Extending the boundaries of a macroeconometric model for Italian economy to inequality
May 20, 2022, 12:00
According to the growing debate on the beyond-GDP approach, a strand of literature explores how the traditional system on national account (SNA), that is the pillar for the GDP measurement, could be extended to account for some of the main themes related to well-being and sustainability. In this presentation we extend the macroeconometric model for Italy developed by Istat (MeMo-It) introducing an inequality measure in the consumption function. Empirical analysis shows that a positive income shock that increases aggregate consumption in the current year might be completely off-set by the negative effect of the increase in inequality that becomes effective in the next year. In this framework, the impact of the Italian “reddito di cittadinanza”, a policy measure aiming at reducing poverty, has been evaluated. According to the results obtained we support the idea that a step forward on wellbeing and sustainability could be realized starting from a structural macroeconometric approach.
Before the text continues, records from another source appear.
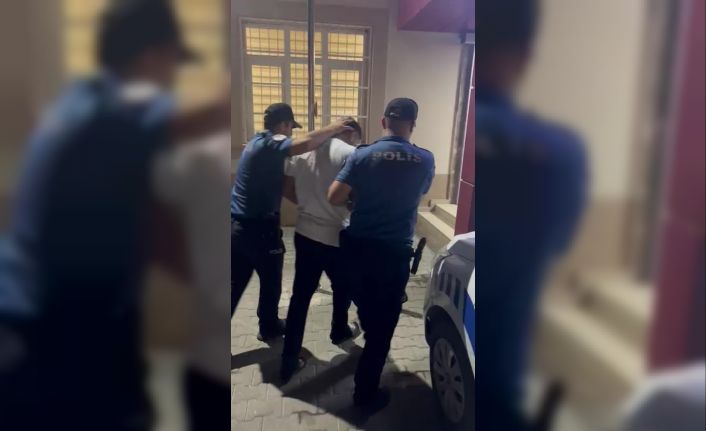 Yüreğir polisi 17 yıl hapisle aranan firari hükümlüyü yakaladı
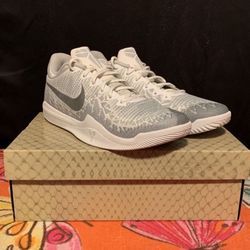 nike kobe basketball shoes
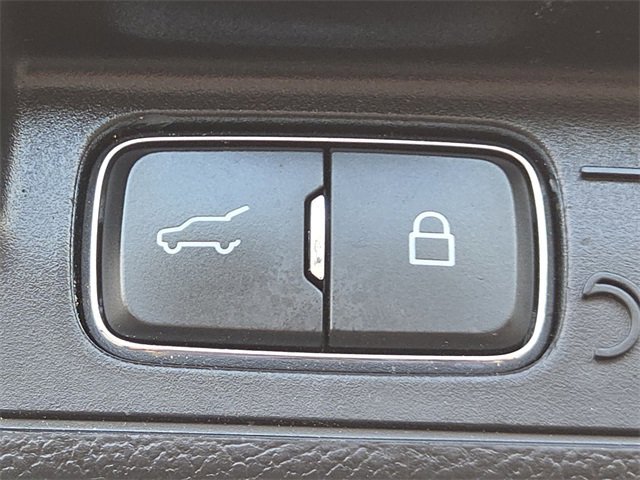 Certified 2022 Ford Explorer Limited w/ Equipment Group 301A image 16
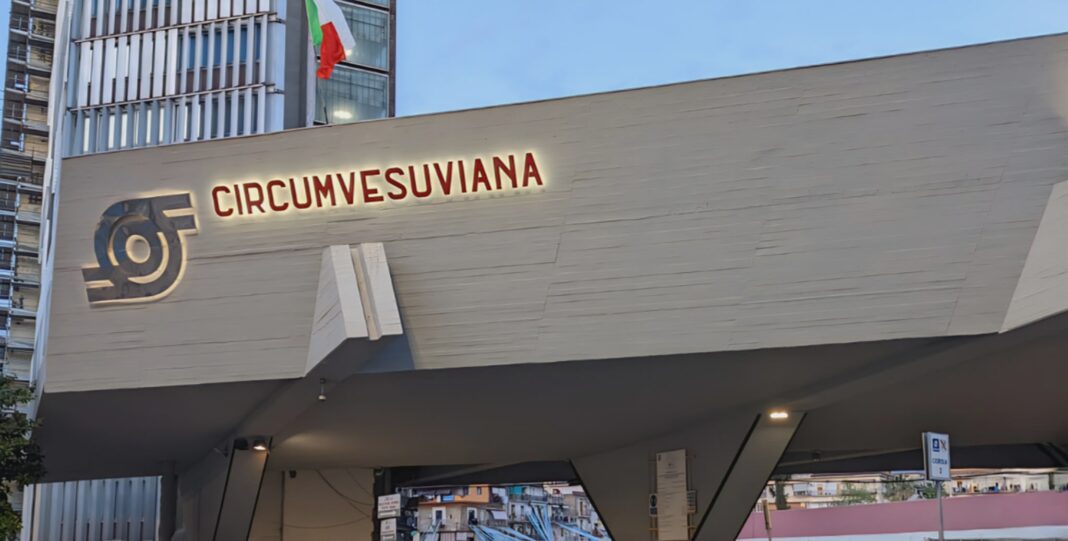 Caos Circumvesuviana: nel giorno della 'festa della mamma', altra 'domenica bestiale' per migliaia di pendolari e turisti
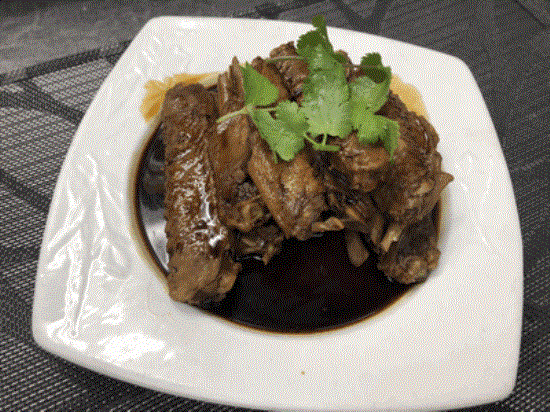 Braised duck feet with rice wine sauce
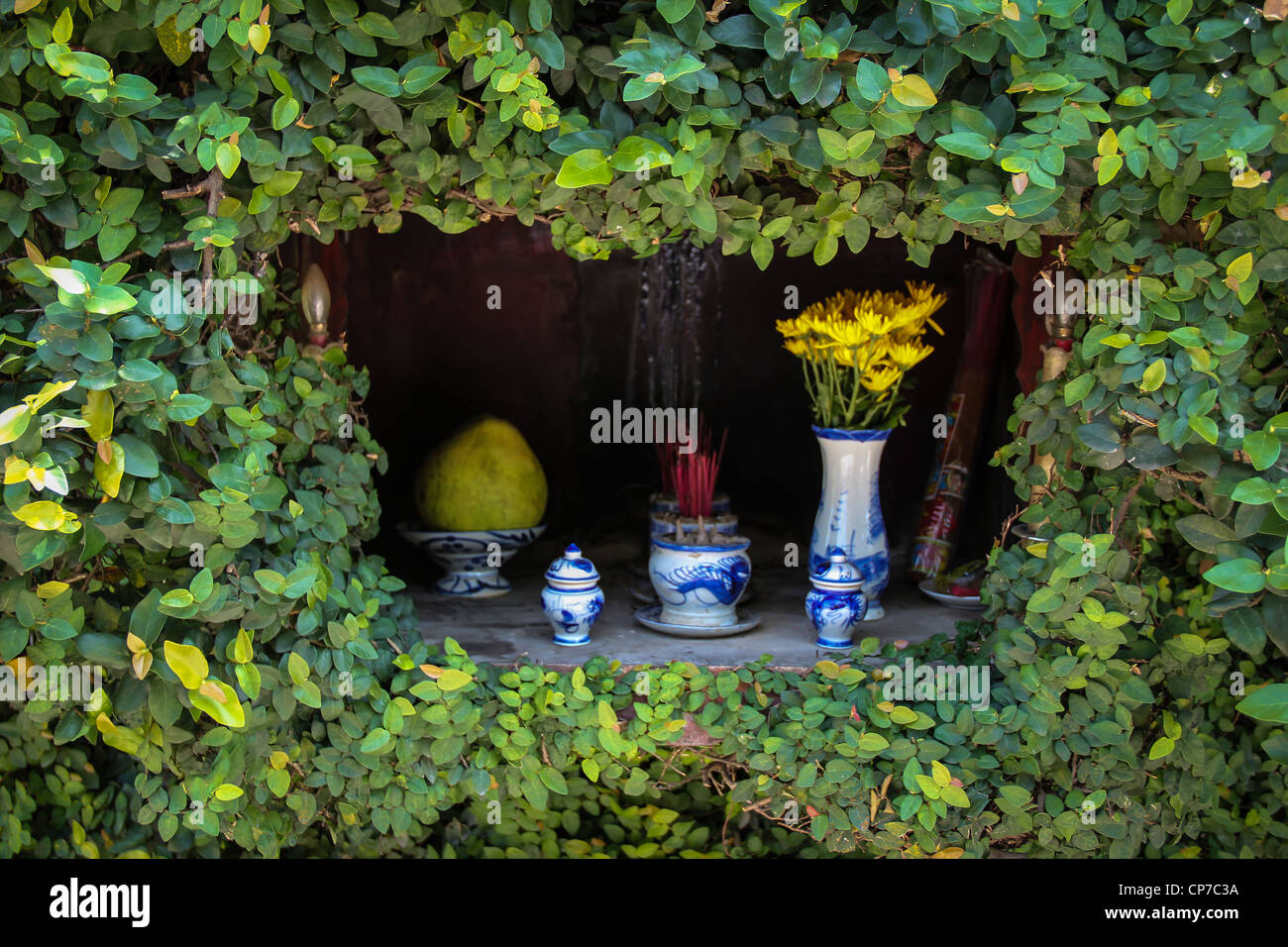 Buddhistische Angebot bei Seidenfabrik in Hoi an - Vietnam Stockfoto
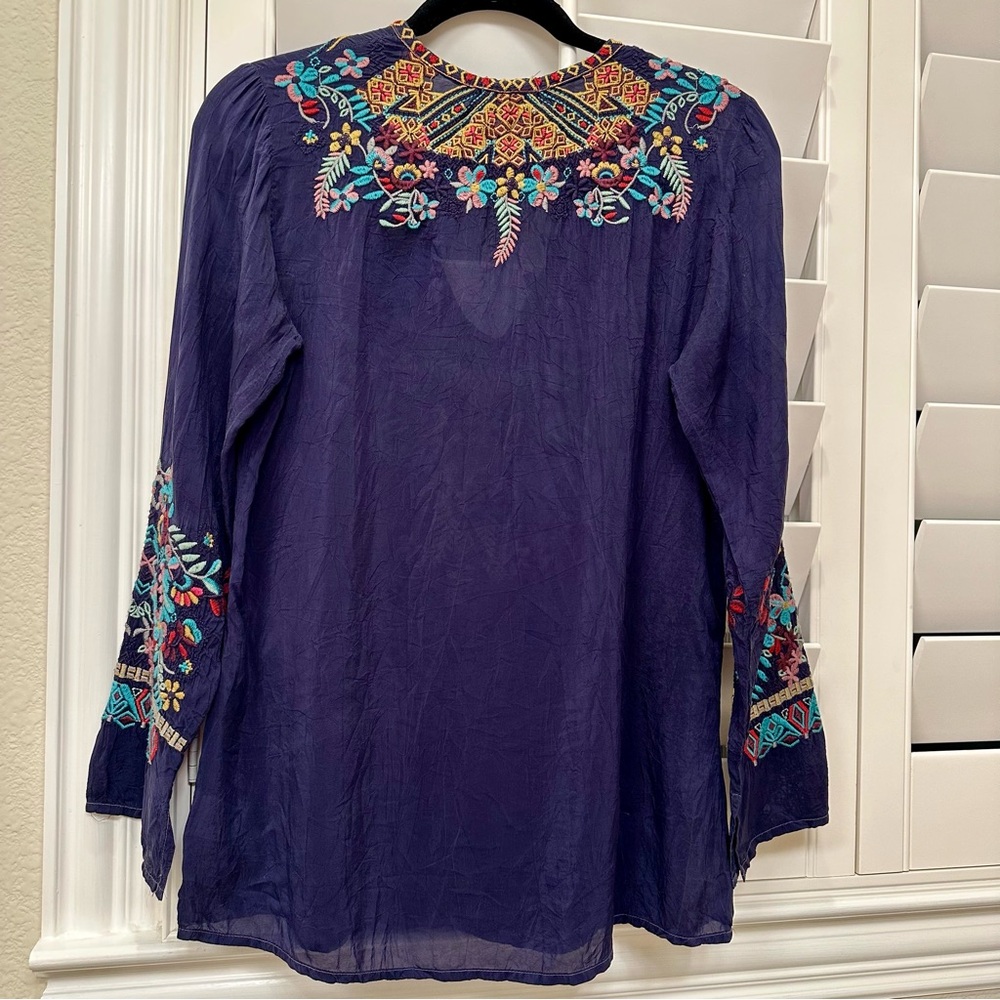 JOHNNY WAS “Sheesoh” Embroidered Navy Blue Long Sleeve Tunic Top - Picture 8 of 8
Bayesian Statistics applied to Early “Oncology Drug Development”
May 13, 2022, 17:00
Oncology dose finding studies, in general, aim at determining the maximum tolerated dose (MTD) reflecting the desire to treat patients who have limited options under the assumption that higher drug doses will have better therapeutic activity. We are describing different methods (ie 3+3, mTPI, mTPI-2, and BLRM). This seminar will feature speakers from Pfizer Inc., to share their insights and the recent statistical innovations to address the challenges. In addition to safety evaluation, Early Sign of Efficacy (ESOE) is a critical step in all early clinical programs to extend the development of a molecule or not. Robust and consistent calculation of the probability of making the right decision is critical. Innovative methodologies are needed to optimize these calculations and ensure all molecules are assessed in the same way across the oncology portfolio. Case studies will be discussed for dose finding and the utilization of Bayesian statistics in ESOE evaluation.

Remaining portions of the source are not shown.